## Source material
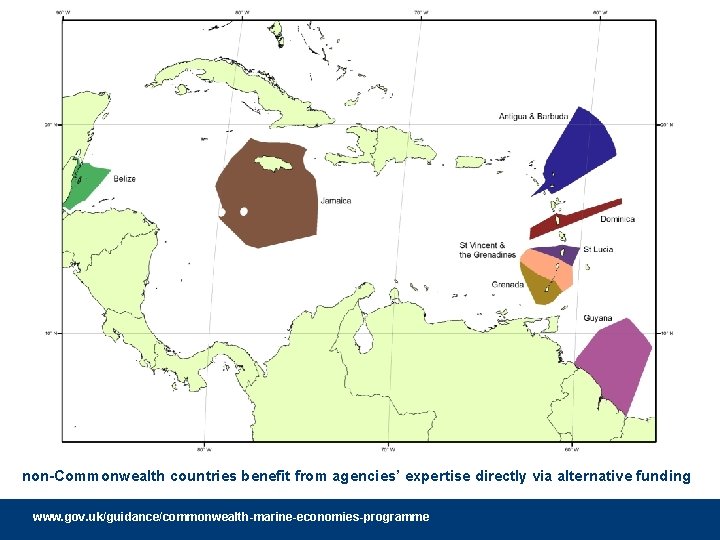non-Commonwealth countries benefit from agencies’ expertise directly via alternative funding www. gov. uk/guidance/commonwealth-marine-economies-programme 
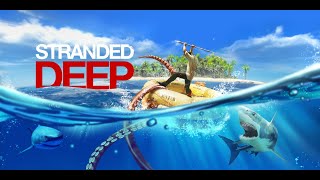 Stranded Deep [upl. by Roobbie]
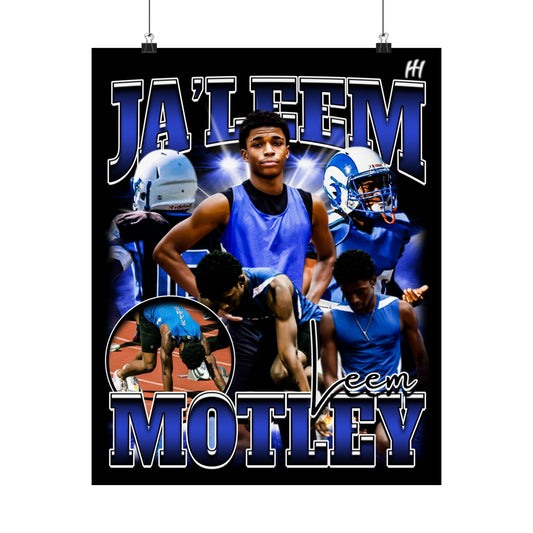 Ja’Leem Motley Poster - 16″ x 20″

## What to do
Please return, exactly and with pictures omitted, the lines from the line holding "Stranded Deep [upl. by Roobbie]" through the end of the data above, inclusive.

## Your response
 Stranded Deep [upl. by Roobbie]
 Ja’Leem Motley Poster - 16″ x 20″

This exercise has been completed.